Other Practices That Support Good Research
Pre-registration and data sharing are the two most frequently cited actions, but they sit within a broader ecosystem of responsible research habits. Thorough record-keeping is one of the most important. A well-maintained lab notebook, whether physical or electronic, should document not just successful experiments but also failed ones, unexpected observations, and even “bad” data points. NIH guidelines emphasize that all data goes into the notebook, and mistakes should be corrected with a visible strikethrough rather than deleted. This creates an honest, traceable record of the research process.
Ethical treatment of research participants is another pillar. The informed consent process requires three things: giving potential participants enough information to make a real decision, making sure they understand what they’ve been told, and ensuring their participation is genuinely voluntary. These protections are rooted in the principle that individuals should be treated as autonomous agents capable of deciding what happens to them.

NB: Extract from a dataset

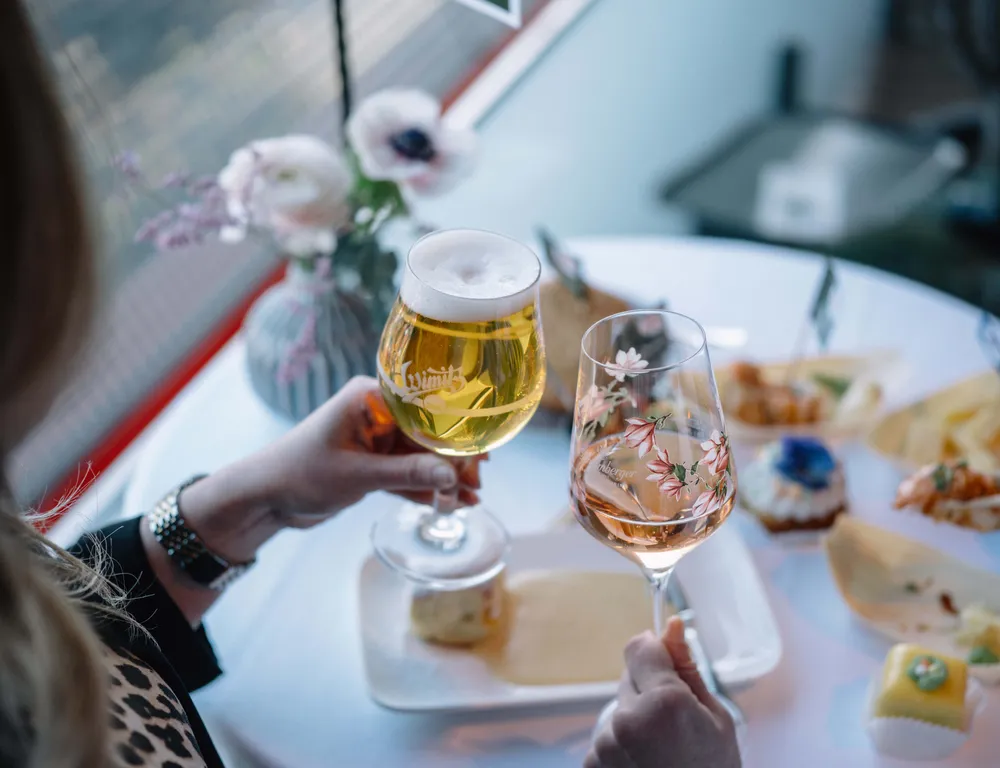 Zwei Personen stoßen bei der Gensusreise im IM82 mit einem Wein- und Bierglas gemeinsam an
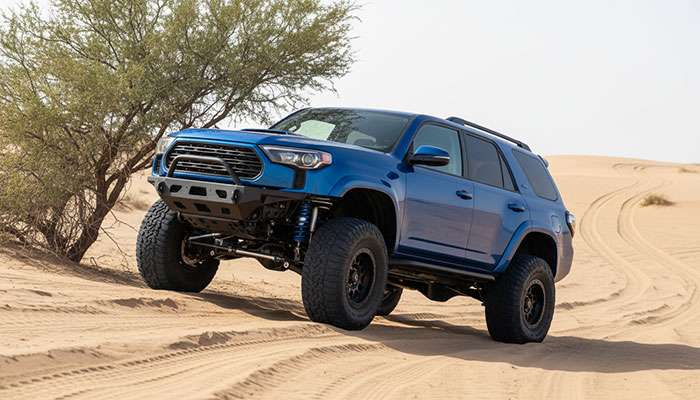 Blue off-road SUV with upgraded suspension and large tires parked on sandy terrain under a tree near a desert road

Honest authorship practices also matter. The two minimum requirements for listing someone as an author on a paper are making a substantial contribution to the work and being accountable for the published results. Listing someone who didn’t meaningfully contribute (gift authorship) or leaving off someone who did (ghost authorship) are both violations of research integrity norms.
Financial conflict of interest disclosure rounds out the picture. Researchers receiving NIH funding, for example, must disclose any significant financial interests related to their work, including foreign financial interests above $5,000 from entities like universities or governments outside the U.S. These disclosures allow institutions and journals to assess whether financial incentives might be influencing the research.

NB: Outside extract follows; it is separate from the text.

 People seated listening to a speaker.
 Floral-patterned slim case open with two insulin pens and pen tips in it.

How to Apply These Practices
If you’re conducting research at any level, you can start with straightforward steps. For pre-registration, platforms like the Open Science Framework allow you to create a time-stamped record of your study plan for free. You describe your hypotheses, your sample, your methods, and your planned analyses, then lock it in before data collection begins. This doesn’t prevent you from running exploratory analyses later. It simply requires you to label them as exploratory rather than presenting them as if they were planned all along.

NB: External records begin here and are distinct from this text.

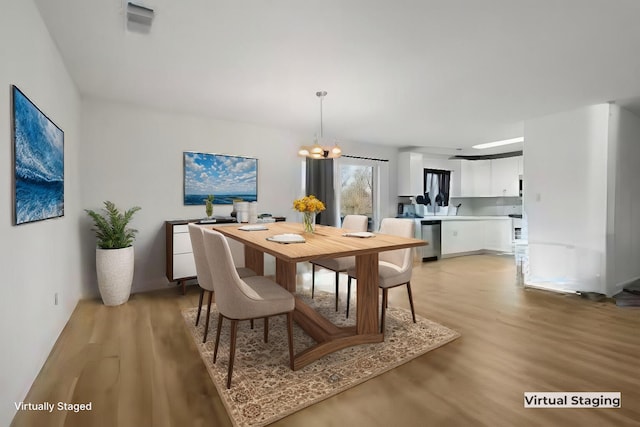 dining area featuring an inviting chandelier and light hardwood / wood-style floors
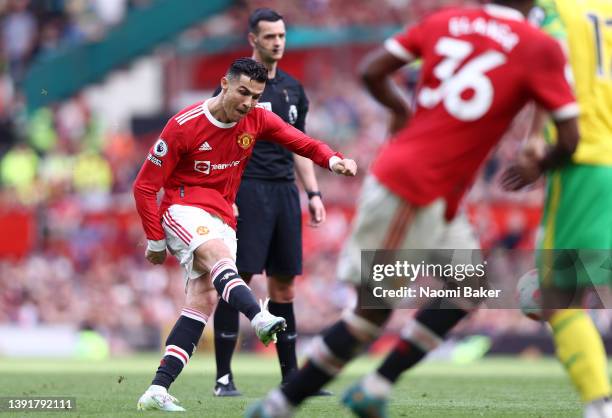 Cristiano Ronaldo of Manchester United scores their sides third goal and their hat-trick during the Premier League match between Manchester United...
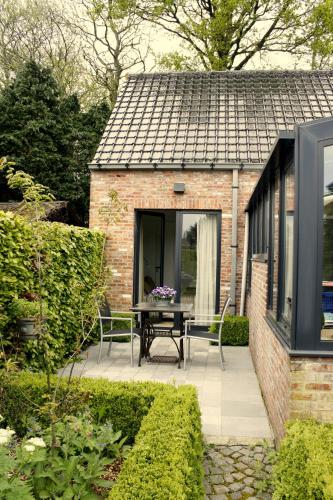 a house with a patio with a table and chairs at B&B De Kastanjeboom in Jabbeke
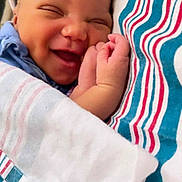 Ka'Moni joined the competition — help win amazing prizes! newborn, baby, smiling, wrapped, blanket, striped, sleeping, face, hand, cute, infant, soft, peaceful, cozy, portrait, closeup, child, sleep, rest, happy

For data sharing, the key is documentation. Organize your data in a standard format, write clear variable labels, and include a readme file or data dictionary that another researcher could follow without contacting you. Then deposit it in a public repository appropriate to your field. Many journals and funders now require this as a condition of publication or grant acceptance.
Both practices take extra time upfront but save the broader scientific community enormous effort downstream. They reduce wasted resources on findings that can’t be replicated, and they build the kind of trust in research that benefits everyone, from scientists to the public relying on their work.